Brexit. Even though the people narrowly voted for it, it now seems like no one wants it. The British government is desperately either trying to put together a deal that doesn’t lead to absolute crisis or begging the EU to give them more time… to come to a deal that doesn’t lead to absolute crisis. How is it that the party that campaigned for this idea, the party that called for the referendum on this deal not seem to have any plan on how to carry out this deal?

Because they honestly didn’t think it would happen. But their base, inflamed now for decades in a cynical ploy for votes, took the political theatre seriously and now stand poised to set the curtains alight.

I’ve made no secret in my writing that in the global right’s not-quite-slow-enough slide into fascism they had had to resort to more and more inflammatory rhetoric to gin up votes for oligarchy-enriching policies that, if they actually ran on those and not the unfounded fear of someone trying to steal your job or your race or your hamburgers, would never actually get them elected. It has served the right well for the past 40 years now and allowed them to essentially cultivate a base that doesn’t care if the oligarchs rob them blind, so long as folks aren’t surrendering their “western values” which I suppose means people chewed up & spat out by an exploitative system not getting the food they need to keep on living? The best example of this mindset was put into sharp relief in a recent New York Times article, where a voter for the current American Mussolini-in-training whined of the would-be dictator “He’s not hurting the people he needs to be hurting.”

That’s the lay of the land for the right: three decades of continually poisoning the well with harsher and harsher rhetoric (because the same old stuff loses its sing after a while, so you have to keep upping the ante) until your main voter base not only believes gay frogs are a sign of cultural Armageddon or that the government is looking to imprison people in abandoned Walmarts, but also that in the fight of socialism vs. barbarism, it’s barbarism all the way, so long as they’re not the ones being eaten.

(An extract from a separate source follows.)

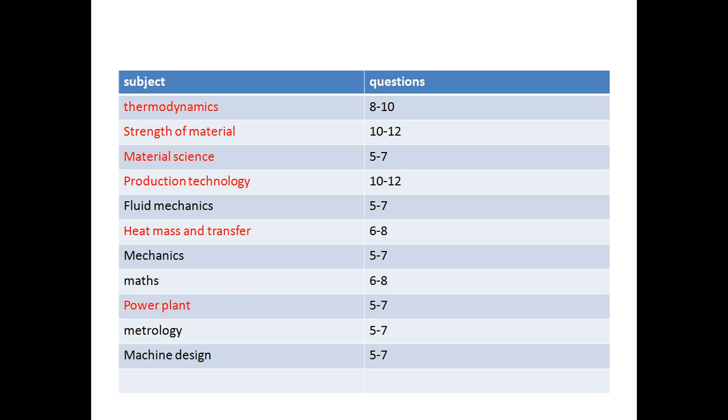I have done research on how many questions are asked from each subject. For mechanical engineering, in thermodynamics you get 8 to 10 questions every year — not counting HMT or power plant questions. Thermodynamics is a really good subject to score in the ISRO exam. Second is strength of materials, from which you will get 10 to 12 questions. The questions are easy but they are time-consuming due to heavy calculations.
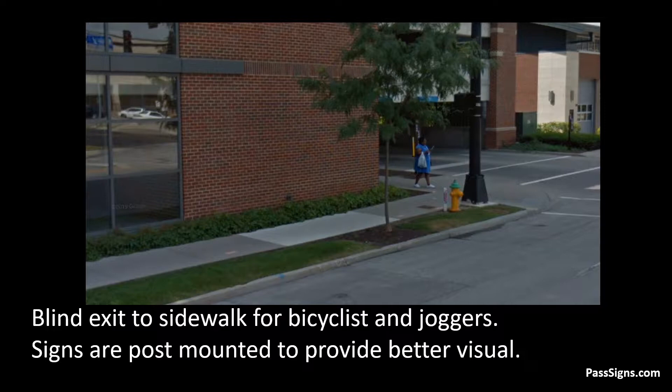Typically, this version of the sign is mounted on walls. However, the installer brought posts to the sidewalk's edge to provide better visibility.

The only problem with this continued pouring of gasoline on the fire is that, eventually, you have to start burning important things to keep the fire going. Eventually, you end up burning yourself. Ergo, Brexit. Ergo, the Trade War. Ergo, the US losing its place as an economic leader. All of these are the result of trying to blend reactionary far-right social policies with technocratic centrist status-quo financial policies. You can only exploit primal fears for so long before it starts to cut into the system of psychocapitalism that you’re trying to keep afloat. Ironically, this system of psychocapitalism, a system that prizes short-term earnings above all else is always doomed to be undone by the fact that no one running the system, whether it’s economically or politically, ever looks past the next quarterly earnings report or election. Because of that, they always fall victim to an unsustainable system that is directly undermined by the rules of the system itself. You can only cut so deep before you start cutting the throats of the people you rely on to keep you in power, and as soon as you start hurting the wrong people, the whole thing collapses because you lose the only thing that was keeping people voting for your garbage policies that were designed to fail.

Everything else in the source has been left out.